Sehr stark angestiegen sind jedoch die Preise für Lebensmittel. Fleisch wurde um 6,1 Prozent teurer, Obst wurde +7,6 % teurer. Für Milch, Käse und Eier musste im Schnitt um 3 Prozent mehr bezahlt werden, Brot und Getreideerzeugnisse verteuerten sich moderat (+1,3 Prozent), Gemüse kostete gleich viel.

Die Preise für Wohnung, Wasser, Energie stiegen binnen Jahresfrist im Schnitt um 2,3 Prozent. Die Mieten allein legten um 3,7 Prozent zu.

Preisdämpfend wirkte, nichtzuletzt aufgrund der Produktionseinschränkungen aufgrund der Folgen der Corona-Pandemie, die Verbilligung der Treibstoffpreise, die im Jahresvergleich um 18,2 Prozent zurück gegangen sind. Da die Inflation Haushalte mit niedrigem Einkommen – Working Poor, ArbeitnehmerInnen in atypischen Arbeitsverhältnissen, die Mehrzahl der Pensionisten und Pensionistinnen - am stärksten belastet, erhebt die KPÖ seit vielen Jahren folgende Forderungen.

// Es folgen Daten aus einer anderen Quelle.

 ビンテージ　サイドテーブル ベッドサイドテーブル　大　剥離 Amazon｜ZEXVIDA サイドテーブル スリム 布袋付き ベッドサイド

+ einen gesetzlichen Preisstopp für Grundnahrungsmittel durch die Regierung und Einführung von Preiskontrollen

+ eine Neuberechnung des Verbraucherpreisindex auf der Basis der tatsächlichen Ausgaben der großen Mehrheit der arbeitenden Menschen (Mikrowarenkorb)

+ die Wiedereinführung und Anwendung des Preisindex für Pensionistenhaushalte (PIPH)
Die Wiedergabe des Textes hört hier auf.